Fig. 4: Multi-site mutagenesis and ML-guided specificity engineering.
From: Data-driven protease engineering by DNA-recording and epistasis-aware machine learning

a Randomized residues (cluster A: 30-32, cluster B: 217-219, stick model) are close to P1’ (yellow) in TEVs (stick model). Structure: PDB 1LVB55. b TEVp libraries randomizing either (A, B) or both clusters concomitantly (AB) were tested against all P1’-variants of TEVs (X = any amino acid). c P1’-specificity profiles for the libraries in (b). Variants are ranked according to mean activity on all tested substrates from high (left) to low (right). The canonical substrate ENLYFQS is highlighted (bold). Gray boxes indicate missing data. d Variants with distinct specificity were re-tested with the DNA recorder to obtain full P1’-profiles. A variant with a strong preference for W (Trp-spec.) and three with relaxed specificity (promiscuous) are compared to parent TEVp I. Characteristic TEVs variants (arrows, bold) were chosen for in vitro assays. Gray boxes indicate missing data. e In vitro activity of variants from (d) on characteristic P1’-variants. f MLP architecture. A multi-output classifier was used to model activity on 20 P1’-variants simultaneously using data from library AB (BLOSUM: Blocks Substitution Matrix). The architecture was optimized via systematic hyperparameter search and renders exhaustive prediction of large sequence-activity maps feasible. A random subset of predicted specificity profiles from cluster AB is shown. g Predictive performance of different ML models trained on varying dataset sizes from library AB. AUROC: Area Under the Receiver-Operator Characteristic. AUPRC: Area Under the Precision-Recall Curve. F1: harmonic F-score. MCC: Matthews Correlation Coefficient. MLP: multilayer perceptron. ESM: evolutionary scale modeling. GBT: gradient-boosted trees. LR: logistic regression. SVC: support vector classifier. KNN: k-nearest neighbor classifier.

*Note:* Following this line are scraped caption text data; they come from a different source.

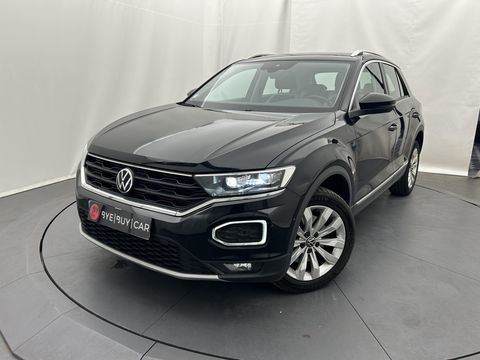 Volkswagen T-ROC 2.0 TDi 150ch DSG 7 CARAT - 2EME MAIN - GARANTIE 12 MOIS 2021 occasion B&egrave;gles 33130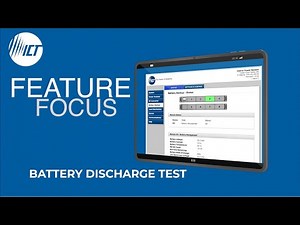ICT Battery Discharge Test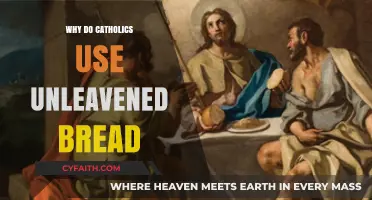 Unleavened Bread in Catholicism: Symbolism, Tradition, and Sacred Significance
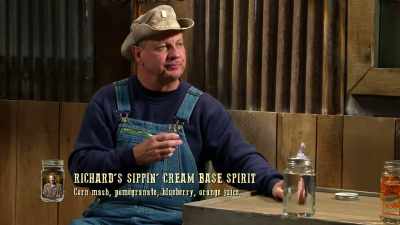 That's pomegranate - Moonshiners: Master Distiller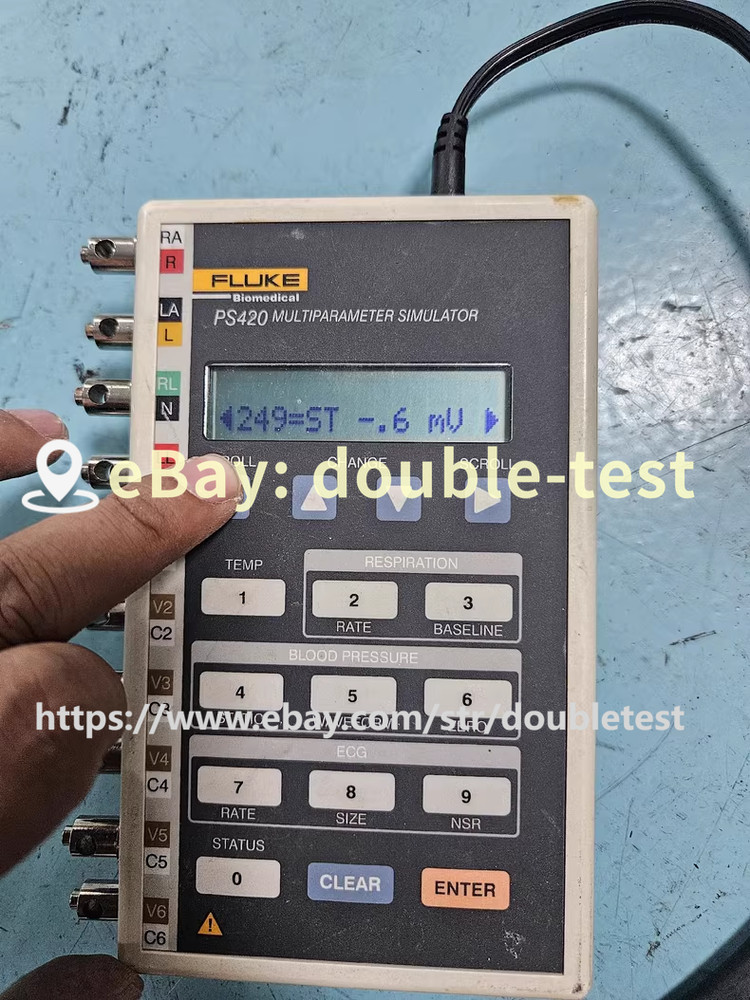 1 pcs Fluke PS420 Multiparameter Simulator#xj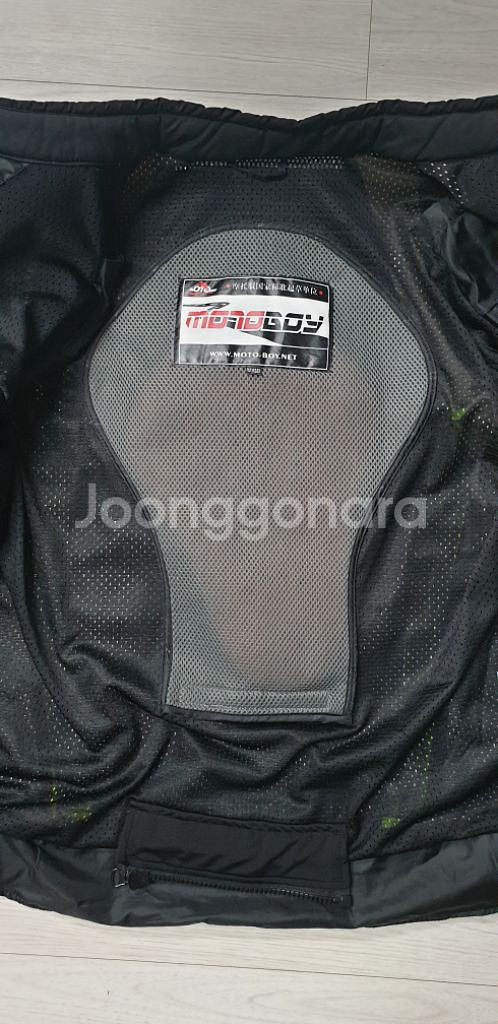 모토보이 오토바이자켓(해외판) 110호 보호대내장됨!--2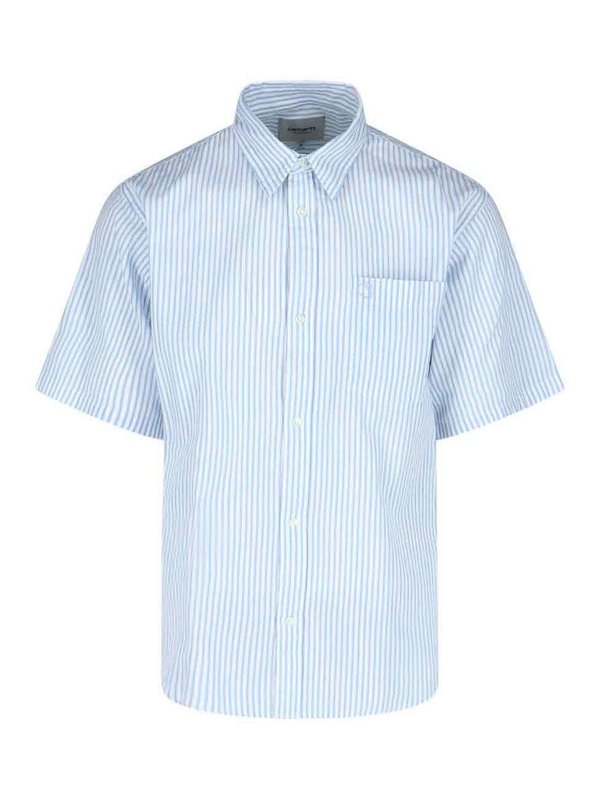 CARHARTT: shirts - Striped shirt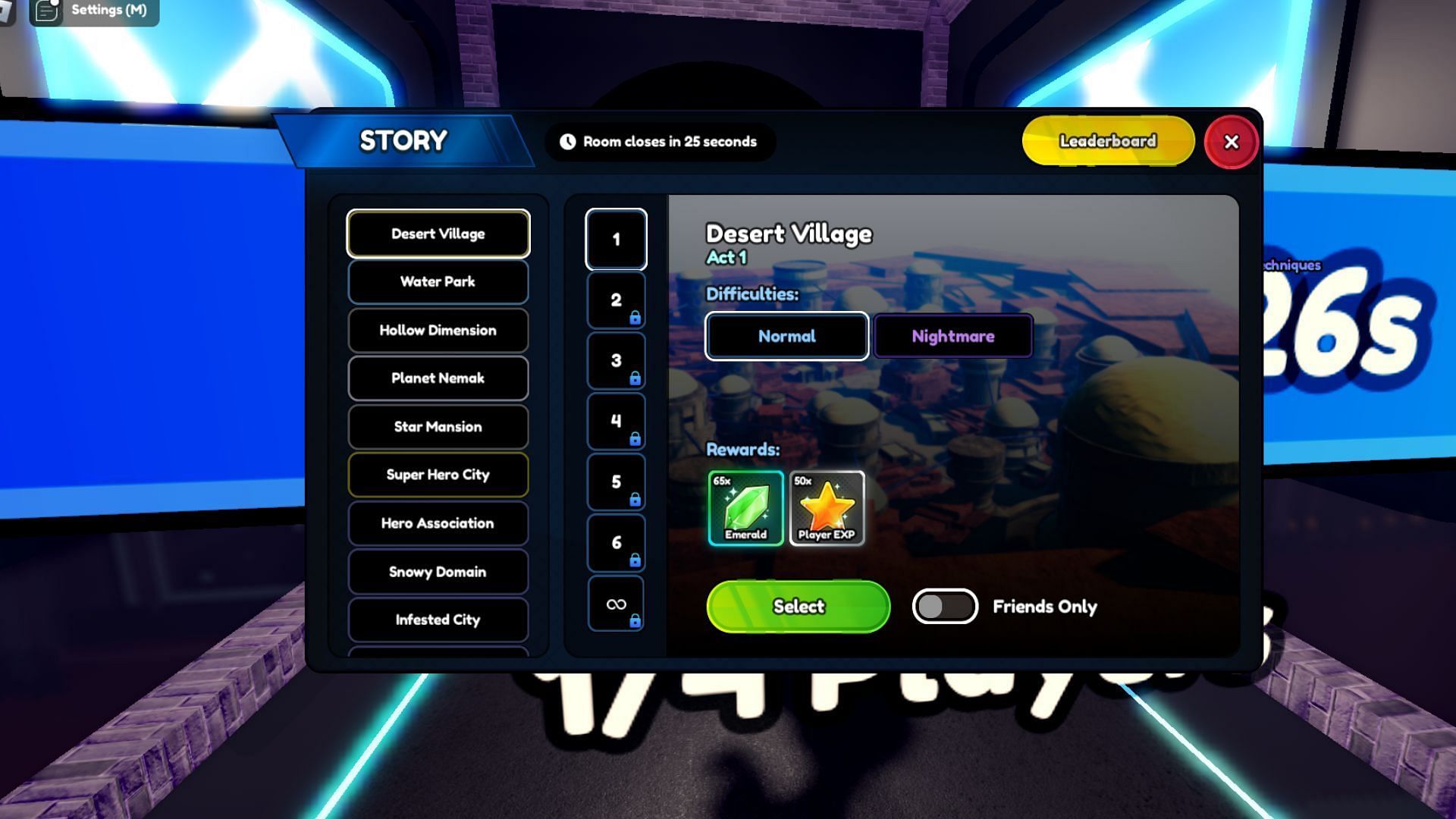 Reach World 2 to unlock trade (Image via Roblox)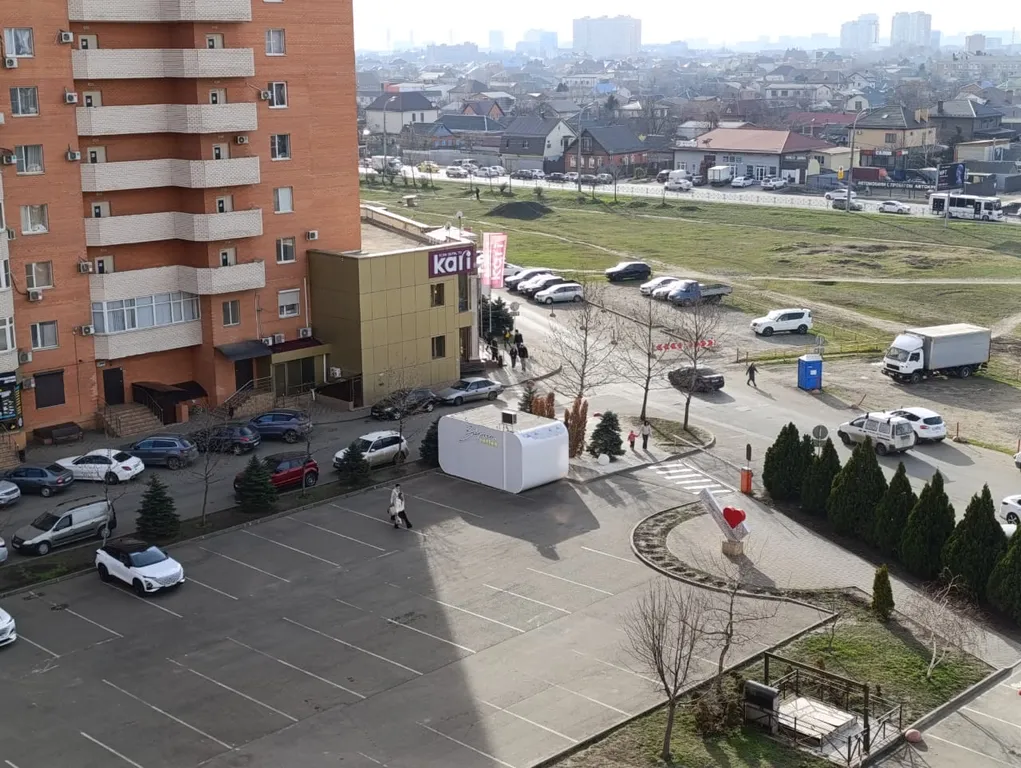 Квартира Квартира Уютный дом — Краснодар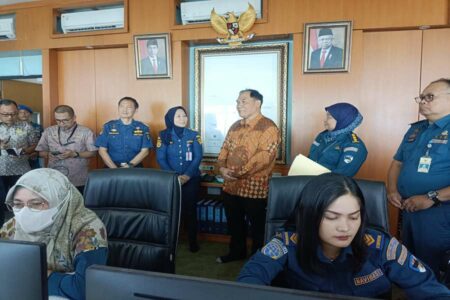 Pengamatan Operasional Disnav Tanjung Perak, BHS: Perlu Upgrade Server VTS Caleg DPR RI terpilih, Bambang Haryo Soekartono (BHS).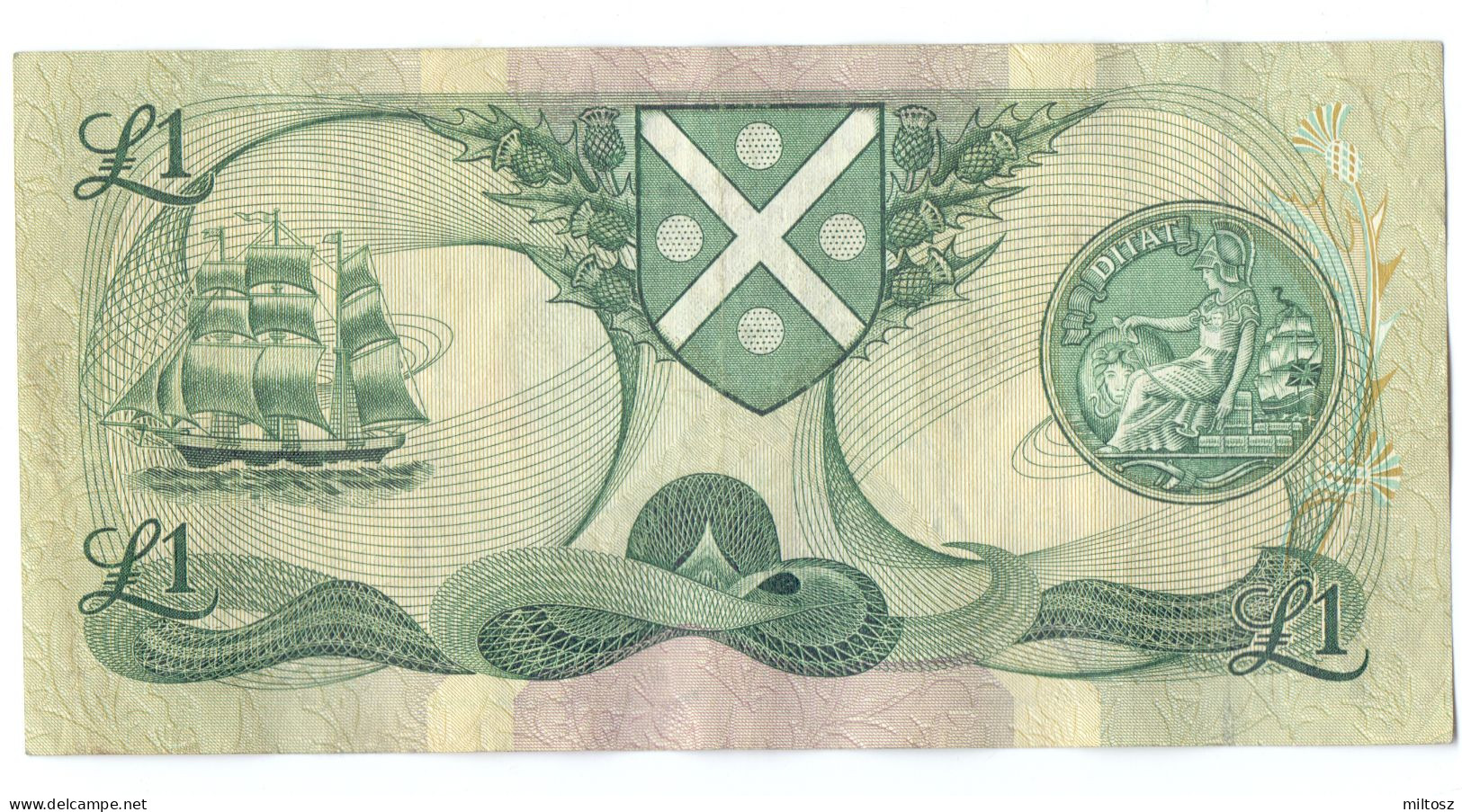 Scotland 1 Pound 1983 - 1 Pond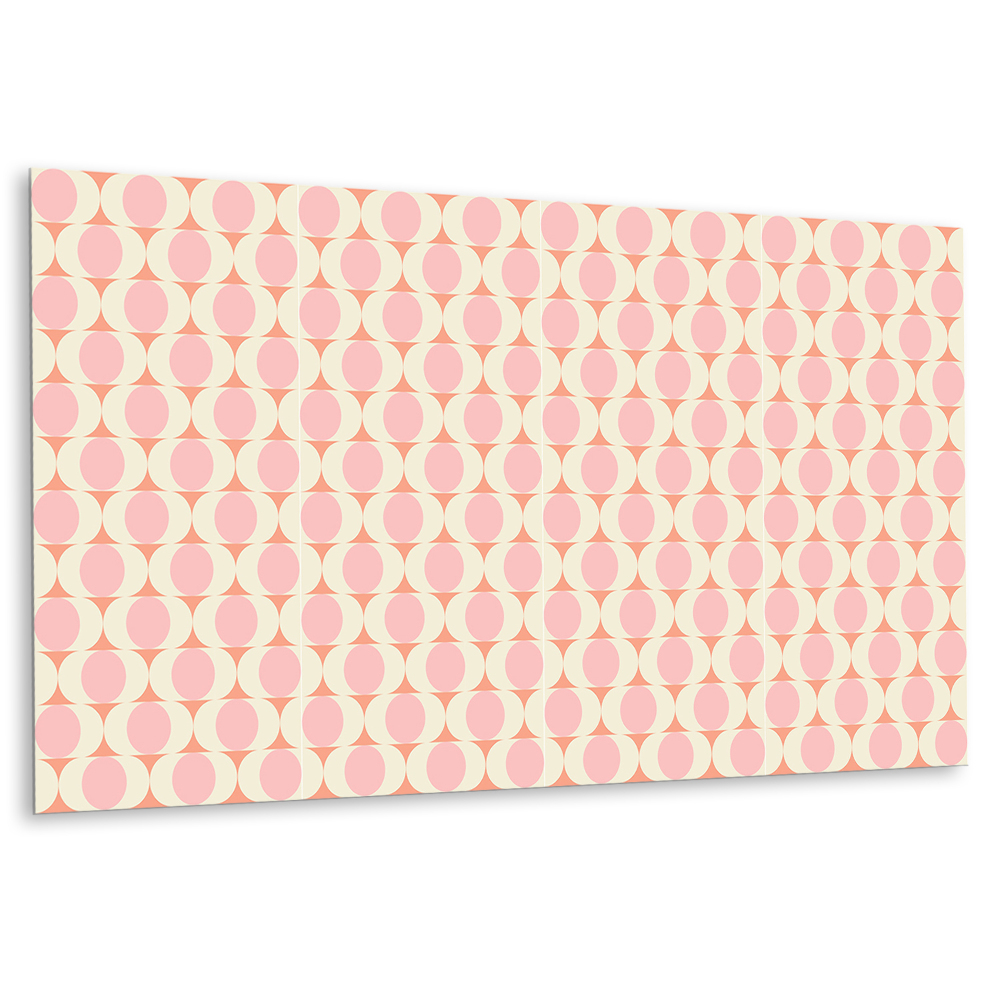 Pvc falpanel vintage motívummal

Color indicates mean value over n = 5 model replicates with different seeds. h Efficiency of random versus MLP-guided screens using a test set of 1000 library AB variants. Hit rates are the fraction of variants that are active (left) or inactive (right) on the TEVs variant bearing the indicated P1’ amino acid. Right panel: only candidates retaining activity on canonical TEVs are displayed. Bars represent the mean for n = 5 replicate models with different random seeds with SD (error bars). Source data are provided as a Source Data file.